DATA:
★ ★ ★ ★ ★
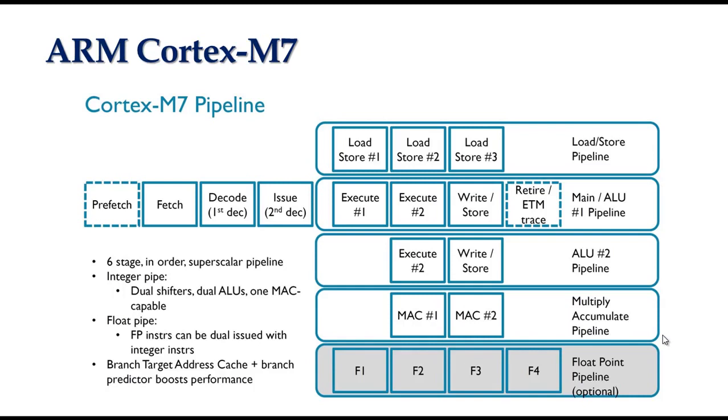It provides extensive forwarding logic to minimize interlocks. It has 2 ALUs, with 1 ALU capable of executing SIMD operations. It features a single MAC pipeline capable of 32x32-bit multiplication and 64-bit addition with 2-cycle result latency and 1 MAC per cycle throughput.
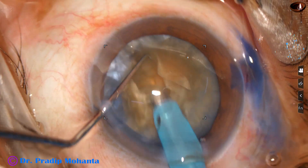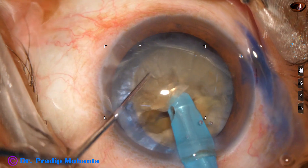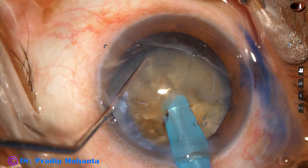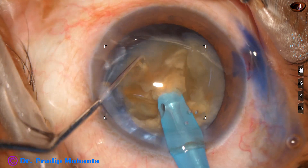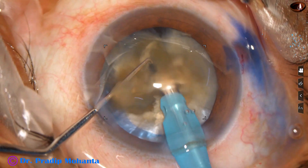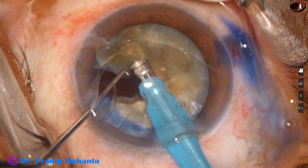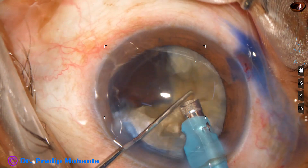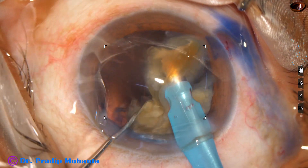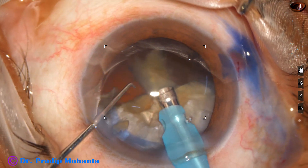Rotate the nucleus 180 degrees, go to a deeper plane and separate the two hemi-nuclei completely. Then chop this hemi-nucleus, tilt the fragment, subdivide it into two pieces and emulsify. Then go to the other piece, divide it into two pieces and emulsify.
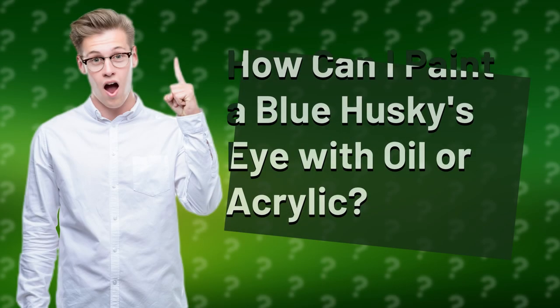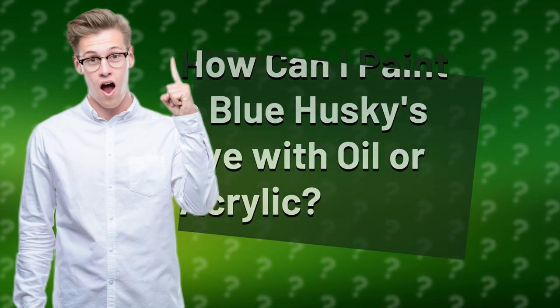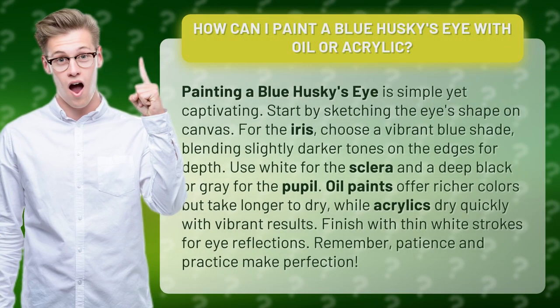How can I paint a blue husky's eye with oil or acrylic? Painting a blue husky's eye is simple yet captivating. Start by sketching the eye's shape on canvas.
★ ★ ★ ★ ★
THE PROBLEM:
Where the material above includes pictures, omit them and retype everything else exactly.

ANSWER BELOW:
It provides extensive forwarding logic to minimize interlocks. It has 2 ALUs, with 1 ALU capable of executing SIMD operations. It features a single MAC pipeline capable of 32x32-bit multiplication and 64-bit addition with 2-cycle result latency and 1 MAC per cycle throughput.
Rotate the nucleus 180 degrees, go to a deeper plane and separate the two hemi-nuclei completely. Then chop this hemi-nucleus, tilt the fragment, subdivide it into two pieces and emulsify. Then go to the other piece, divide it into two pieces and emulsify.
How can I paint a blue husky's eye with oil or acrylic? Painting a blue husky's eye is simple yet captivating. Start by sketching the eye's shape on canvas.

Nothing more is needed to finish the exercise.